> _THE TASK_: What you return must match the records character for character.

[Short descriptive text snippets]

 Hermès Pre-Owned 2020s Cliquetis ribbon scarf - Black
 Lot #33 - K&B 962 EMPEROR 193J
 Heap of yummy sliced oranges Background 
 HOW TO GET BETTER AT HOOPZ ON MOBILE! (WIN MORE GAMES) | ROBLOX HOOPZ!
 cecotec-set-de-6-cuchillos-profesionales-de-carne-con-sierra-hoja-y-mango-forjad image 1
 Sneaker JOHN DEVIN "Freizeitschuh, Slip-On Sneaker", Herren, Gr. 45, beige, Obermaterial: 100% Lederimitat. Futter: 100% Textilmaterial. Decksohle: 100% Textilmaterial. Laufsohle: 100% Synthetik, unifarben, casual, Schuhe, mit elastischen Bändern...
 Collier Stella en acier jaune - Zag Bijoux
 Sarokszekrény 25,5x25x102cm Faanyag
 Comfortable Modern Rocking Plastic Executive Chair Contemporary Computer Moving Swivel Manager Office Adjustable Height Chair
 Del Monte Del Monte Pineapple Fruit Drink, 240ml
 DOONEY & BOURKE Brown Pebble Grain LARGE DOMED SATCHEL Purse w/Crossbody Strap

> _EXPECTED ANSWER_:
 Hermès Pre-Owned 2020s Cliquetis ribbon scarf - Black
 Lot #33 - K&B 962 EMPEROR 193J
 Heap of yummy sliced oranges Background 
 HOW TO GET BETTER AT HOOPZ ON MOBILE! (WIN MORE GAMES) | ROBLOX HOOPZ!
 cecotec-set-de-6-cuchillos-profesionales-de-carne-con-sierra-hoja-y-mango-forjad image 1
 Sneaker JOHN DEVIN "Freizeitschuh, Slip-On Sneaker", Herren, Gr. 45, beige, Obermaterial: 100% Lederimitat. Futter: 100% Textilmaterial. Decksohle: 100% Textilmaterial. Laufsohle: 100% Synthetik, unifarben, casual, Schuhe, mit elastischen Bändern...
 Collier Stella en acier jaune - Zag Bijoux
 Sarokszekrény 25,5x25x102cm Faanyag
 Comfortable Modern Rocking Plastic Executive Chair Contemporary Computer Moving Swivel Manager Office Adjustable Height Chair
 Del Monte Del Monte Pineapple Fruit Drink, 240ml
 DOONEY & BOURKE Brown Pebble Grain LARGE DOMED SATCHEL Purse w/Crossbody Strap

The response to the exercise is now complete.